Under the draft guidelines, of the thousands of medical apps now available, only a small portion would face review. They would fall into two categories:
- Apps that serve as an accessory already regulated by the FDA, such as one that allows a professional to diagnose a condition from an X-ray or other image viewed on his or her smartphone;
- Apps which turn a mobile platform into a medical device, such as one that would allow a smartphone to receive ECG data and allow a physician to observe heart rhythm – and perhaps even diagnose a heart attack.
In some cases, FDA officials said, the guidelines would compel software developers to prove that their apps work as well as non-mobile devices.
Examples of mobile medical apps that would not fall under FDA review include electronic versions of medical reference manuals; devices that log, store, transmit and evaluate medical data but aren’t intended for making clinical diagnoses (wellness-based apps would fall under this category); devices that automate general office operations; mobile electronic health records or personal health records; and devices that offer assistance but aren’t marketed for a specific medial issue.
According to Research2Guidance 2010, 500 million smartphone users worldwide will be using a healthcare application by 2015. Recent estimates have pegged the number of mobile medical apps now on the market to more than 4,000.
[See also: Mobile health monitoring market on the rise.]
The issue of regulating mobile apps has come up frequently at healthcare conferences.
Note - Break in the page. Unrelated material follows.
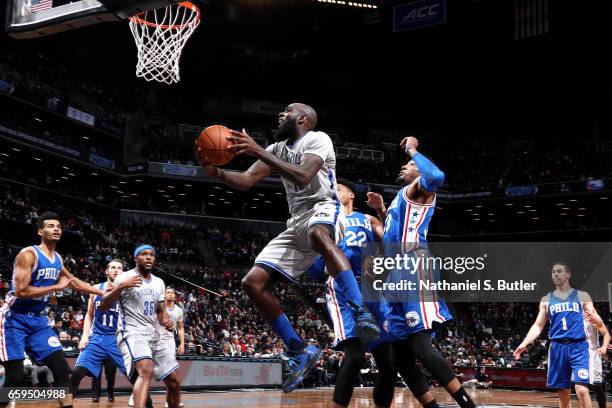 Anthony Bennett of the Brooklyn Nets goes for a lay up during the game against the Philadelphia 76ers on March 28, 2017 at Barclays Center in...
At the 3rd mHealth Networking Conference, organized by the Boston-based mHealth Initiative this past March in Chicago, a panel session debated the difference between an app that simply collects and transmits information with one that provides clinical guidance.
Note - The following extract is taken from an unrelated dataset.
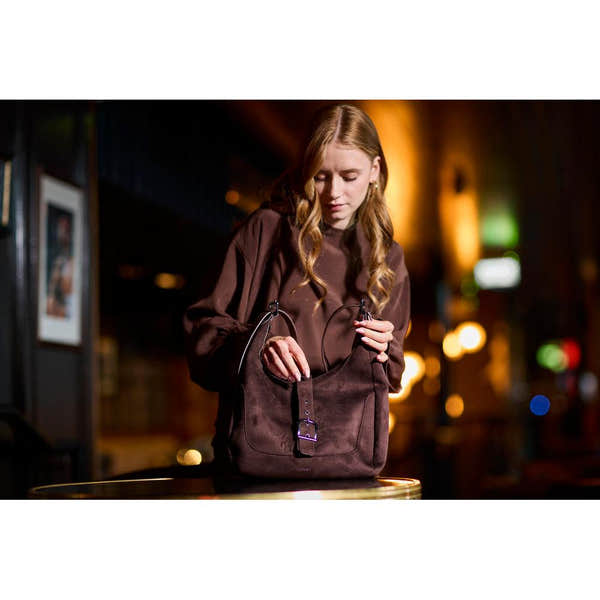 Rieker H1024-25 Brown Buckle Detail Shoulder Bag, lifestyle view 10 of 10.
Jesse Jacobs say: Dangerous Regulation
I don’t remember the first amendment being repealed do you?
Within the draft exists an affront on the constitutional protection of the Internet granted by the Supreme Court in 1997, a contradiction, a rather worrisome clause that sets a dangerous precedent and removal of funding from more pressing matters.
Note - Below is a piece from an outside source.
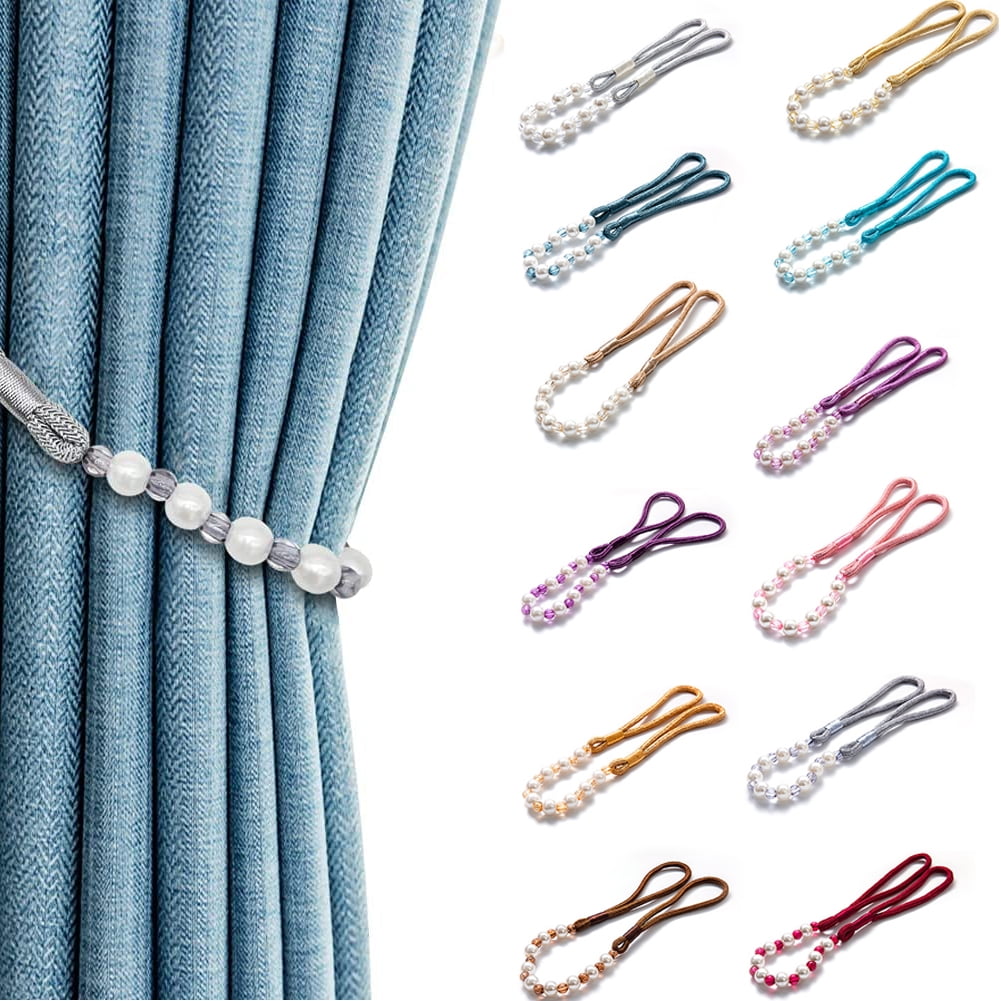 Visland 2 Pack Acrylic Pearl Curtain Tie Backs Curtain Hooks, Elegant Beads Curtain Rope Straps, Decorative Holdbacks Curtain Holders, 29in Sliver Grey - Image 1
1)Many apps are extensions of mobile sites and Websites. Like the unenforced 1989 medical software bill, the FDA is looking to enforce the 1996 bill outlining regulation of online medical information
2)Some apps to be regulated use algorithms to compute specific patient treatment, when electronic textbooks available on mobile platforms with the same algorithms will not be regulated.
3)One clause states “when the intended use of a mobile app is for the diagnosis of disease or other conditions” the app will be regulated. Many doctors consult medical apps. Internet and social media have often led to a diagnosis a doctor could not come up with.
4)The FDA cannot afford to carry out the 2011 Food Safety and Modernization Act (FSMA). The FDA stated that “Half of all medical devices used in this country are imported” and that “it would take 9 years just to inspect every high-priority pharmaceutical facility alone” ignoring those of lower priority. The money spent regulating mobile apps could be put to much better use ensuring the safety of a much higher percentage of medical devices.